Custom tokenizer not working in countvectorizer sklearn

174 Views Asked by At

I am trying to make a Countvectorizer with a custom tokenizer function. I am facing a weird problem with it. In below code temp_tok is a list of 5 values which is used as vocabulary later.

temp_tok = ["or", "Normal sinus rhythm", "sinus", "anuj","Normal sinus"]

def tokenize(text):
    return [temp_tok[0],temp_tok[1], "sinus", "Normal sinus"]

def tokenize2(text):
    return [i for i in temp_tok if i in text]

text = "Normal sinus rhythm"

The output of text for both functions is same which is

tokenize(text)
output = ['or', 'Normal sinus rhythm', 'sinus', 'Normal sinus']

But when I build vectorizer with these tokenizer, it gives unexpected output for tokenize2. My vocabulary is temp_tok for both. I experimented with n_gram range but it is not helping.

vectorizer = CountVectorizer(vocabulary=temp_tok,tokenizer = tokenize)
vectorizer2 = CountVectorizer(vocabulary=temp_tok,tokenizer = tokenize2)

While vectorizer.transform([text]) is giving expected output, vectorizer2.transform([text]) is giving 1 only for "or" and "sinus"

vectorizer.transform(["Normal sinus rhythm"]).toarray()
array([[1, 1, 1, 0, 1]])

vectorizer.transform(["Normal sinus rhythm"]).toarray()
array([[1, 0, 1, 0, 0]])

I also tried passing dictionary instead of list temp_tok as vocabulary to Countvectorizer but it doesn't help. Is this sklearn problem or I am doing something wrong?

1

There are 1 best solutions below

0
Anuj Chopra On BEST ANSWER

Countvectorizer is passing the text by converting it to lower case.
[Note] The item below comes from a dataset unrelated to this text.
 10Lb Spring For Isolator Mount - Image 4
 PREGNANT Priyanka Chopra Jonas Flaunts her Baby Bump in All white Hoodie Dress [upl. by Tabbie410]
So tokenize2 is not working while tokenize works well. This can be seen by adding a print function in tokenize2.

def tokenize2(text):
print(text)
return [i for i in temp_tok if i in text]

A good solution would be to change the elements in temp_tok to lower cases. Else any technique to handle small case, capital case would work.